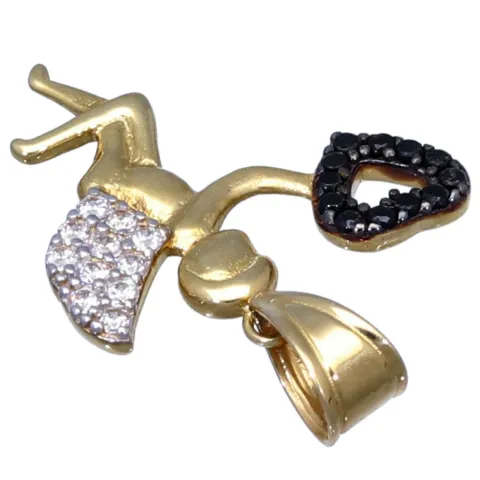 Hochwertiger Engel - Anhänger mit Herz aus Gold aus 14k (585er) Gelbgold und Zirkoniabesatz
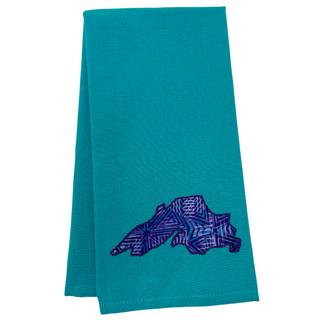 One 28" x 20" blue towel
with 2.75" x 6" applique of Lake Superior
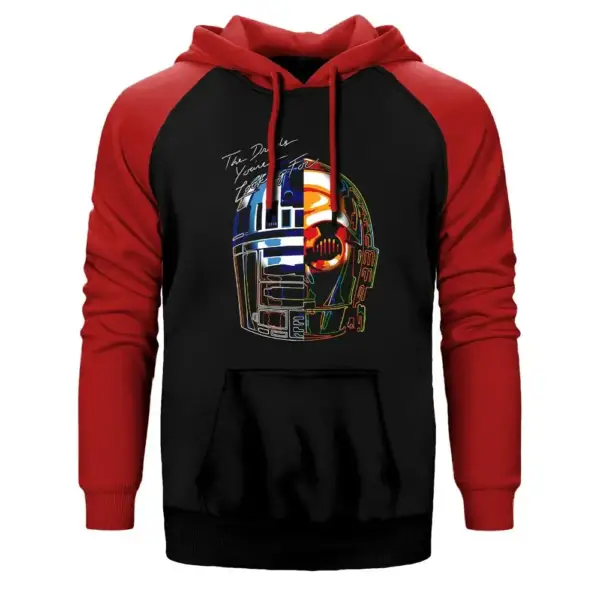 Daft Punk Droid Hoodie, Double Color Raglan Sleeve Red Sweatshirt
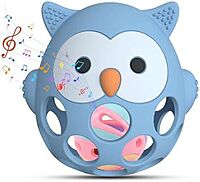 Baby Owl Silicone Teether and Rattle – Soft Sensory Soother for Infants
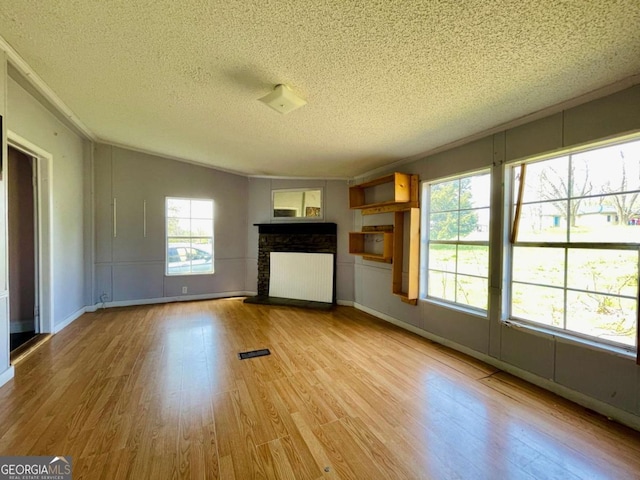 1546 Bob Mann Rd, Maysville, GA 30558 - unfurnished living room featuring a textured ceiling, radiator heating unit, a fireplace with raised hearth, wood finished floors, and baseboards
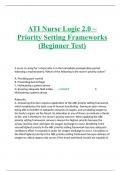 ATI Nurse Logic 2.0 ~ Priority Setting Frameworks (Beginner Test)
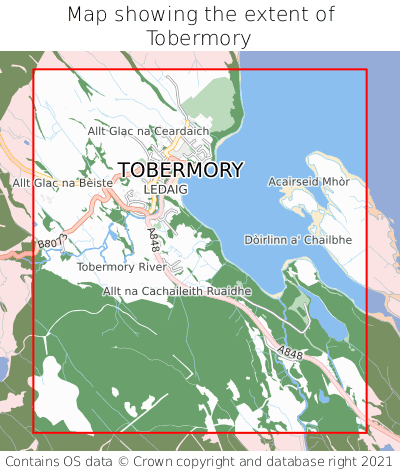 Map showing extent of Tobermory as bounding box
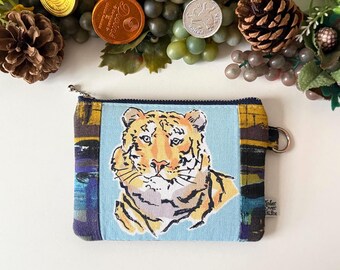Tiger Double Zip Bohemian Wallet: Atomic Abstract 1950s Print Designs, Protective Sleeve, Wildlife Accessory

☆ ☆ ☆ ☆ ☆ ☆ ☆

**REQUIREMENT:**
Return exactly the lines of the material above, starting at the line containing "of Lake Superior" and finishing at the line containing "Map showing extent", without any pictures.

**EXERCISE ANSWER:**
with 2.75" x 6" applique of Lake Superior
 Daft Punk Droid Hoodie, Double Color Raglan Sleeve Red Sweatshirt
 Baby Owl Silicone Teether and Rattle – Soft Sensory Soother for Infants
 1546 Bob Mann Rd, Maysville, GA 30558 - unfurnished living room featuring a textured ceiling, radiator heating unit, a fireplace with raised hearth, wood finished floors, and baseboards
 ATI Nurse Logic 2.0 ~ Priority Setting Frameworks (Beginner Test)
 Map showing extent of Tobermory as bounding box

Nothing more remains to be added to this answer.